Danzy appears to have questioned the call, telephoning the prison twice to make sure the call was legitimate.
"The family believed their prayers had been answered," a spokeswoman for Danzy said.
The two men, according to family members, disappeared shortly after their return.
In September 1998, Jenkins killed Roscoe Pugh Jr. during a home-invasion robbery attempt.
Six months later, Cedric Slater was gunned down on an Orlando street corner -- shot dead, a jury determined, by Walker.
Both killers were convicted and sentenced to life behind bars without the possibility of parole within two years of their crime. While it's not known whether they knew each other, they were at the same prison in North Carrabelle in Florida's Panhandle.

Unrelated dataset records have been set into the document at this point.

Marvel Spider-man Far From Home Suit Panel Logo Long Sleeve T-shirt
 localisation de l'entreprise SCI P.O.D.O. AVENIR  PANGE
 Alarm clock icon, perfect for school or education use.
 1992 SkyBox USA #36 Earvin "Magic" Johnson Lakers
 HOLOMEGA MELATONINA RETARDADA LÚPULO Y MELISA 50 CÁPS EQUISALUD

Jenkins left there on September 27, and Walker left on October 8, according to authorities. They had motions indicating the sentences had been reduced, as well as court orders granting the request. Investigators later discovered these documents were forged.
The legal-looking documents contained bogus reproductions of several key players' signatures, including those of the Orlando-area State Attorney Jeffrey Ashton or the assistant state attorney and Judge Belvin Perry. They bore the seal of the Orange County clerk of court's office.
Prosecutors first learned about what happened was after they were contacted by a member of Walker's family, Ashton said.
An October 8 letter from the Department of Corrections to Slater's mother, Evangelina Kearse, notified her a "court order and amended sentence caused (Walker's) sentence to expire."
"Please be aware that recent actions causing the release of this offender are beyond our control. Nevertheless, we apologize for the delay in this message," it said.
Both Walker and Jenkins appeared to play by the rules after their release. They both went to the Orange County jail to register as felons -- Jenkins on September 30, Walker on October 11 -- as required by law.
While their releases may have initially seemed legitimate and innocuous, by Friday evening, the two convicts had been classified as escapees.
Orange County Sheriff Jerry Demings said both are considered "dangerous individuals" and -- by virtue of some "legitimate spottings" -- are thought to be in the Orlando area.